Jeffrey L. Rittberger of New Concord, Ohio, a stockbroker associated with Huntington Investment Company, was fined $10,000 and suspended for forty-five days from association with any Financial Industry Regulatory Authority (FINRA) member in all capacities after consenting to findings that he made unsuitable recommendations to firm customers. Letter of Acceptance, Waiver and Consent, No. 2013036874902 (Nov. 20, 2015).
According to the AWC, between December 2012 and February 2013, Rittberger had participated in the recommendation of purchases of municipal unit investment trusts (UITs) which totaled $198,000 to five of the firm’s customers. Rittberger reportedly failed to conduct reasonable diligence regarding the UITs prior to participating in the recommendations and lacked an understanding of the product’s potential risks and rewards.
FINRA defines a unit investment trust is a type of investment company that issues securities (referred to as units) representing undivided interests in a relatively fixed portfolio of securities. The securities are generally issued by a sponsor that assembles the UIT’s portfolio of securities, deposits the securities into a trust, and then sells units of the UIT in a public offering. The units are redeemable securities that are issued for a specific term, where each investor is entitled to receive a proportionate share of the UIT’s net assets upon redemption or termination.
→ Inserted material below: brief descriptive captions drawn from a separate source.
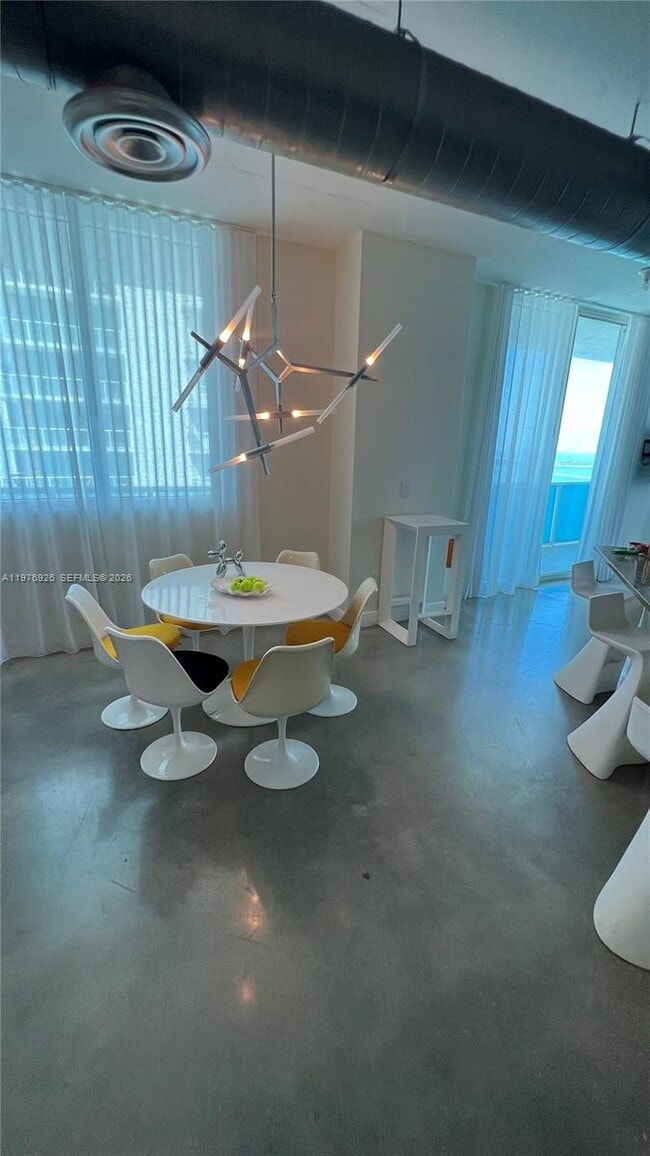 Building Photo - 700 NE 25th St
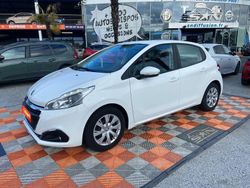 Blanc Occasion 2018 Peugeot 208 Business-Line Citadine | 8 950 € (Prix assez cher)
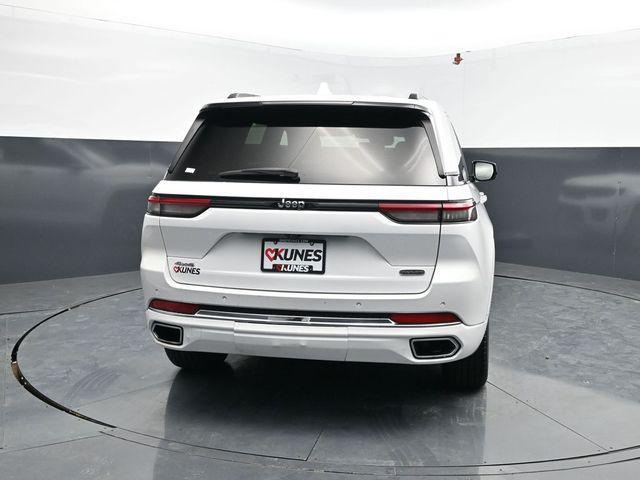 used 2022 Jeep Grand Cherokee car, priced at $27,230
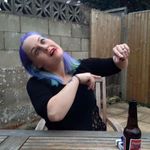 Danielle Walker-pettit - @booboosplat - Instagram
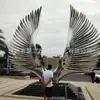 Escultura Abstrata de Asa em Aço Inoxidável com Superfície Espelhada, Grande Ornamento de Paisagismo Externo, Ponto Popular para Fotos na Praça do Escritório de Vendas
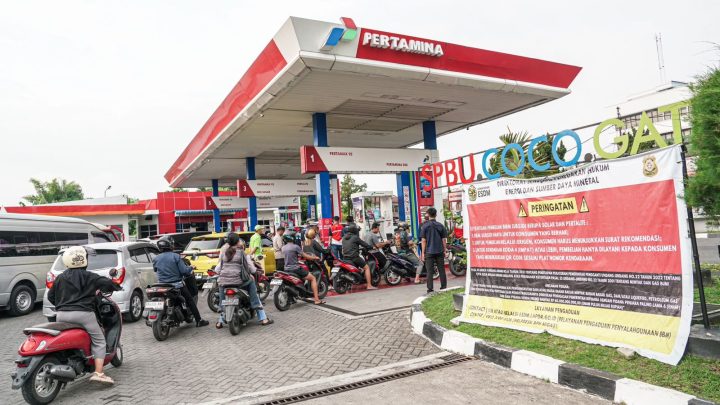 Solution For: 5 Fakta Antrean BBM di SPBU hingga Prajurit TNI Jadi Sopir Tangki Pertamina
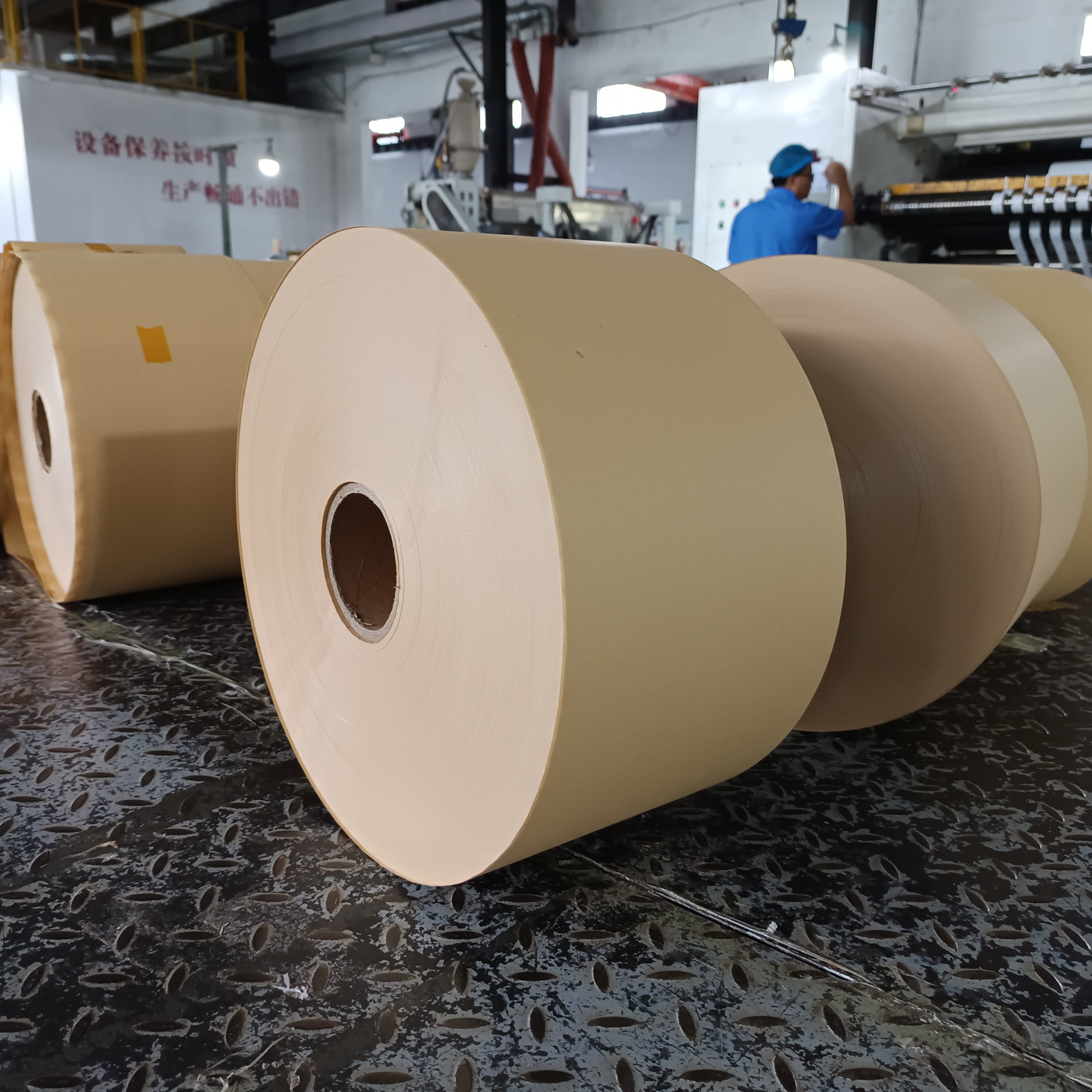China Eco Friendly Recycle Kraft Paper for Wrapping and Package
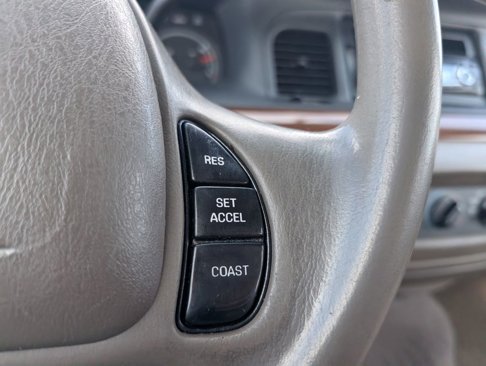 Used 2002 Ford Crown Victoria image 15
The AWC indicated that Rittberger used a consistent pitch to ascertain customers’ interest in the Municipal UITs, telling the customers that the UITs had historically earned five percent annual returns and were expected to continue to perform well, despite there being no guarantees. The AWC stated that after Rittberger had determined the customers’ interest and completed paperwork for the customers, he passed the relevant information to his colleagues, Series 7 registered representatives, for completion of the sale. The AWC indicated that colleagues did not follow up with customers to discuss their investment goals and the UITs in greater detail prior to completing and submitting paperwork.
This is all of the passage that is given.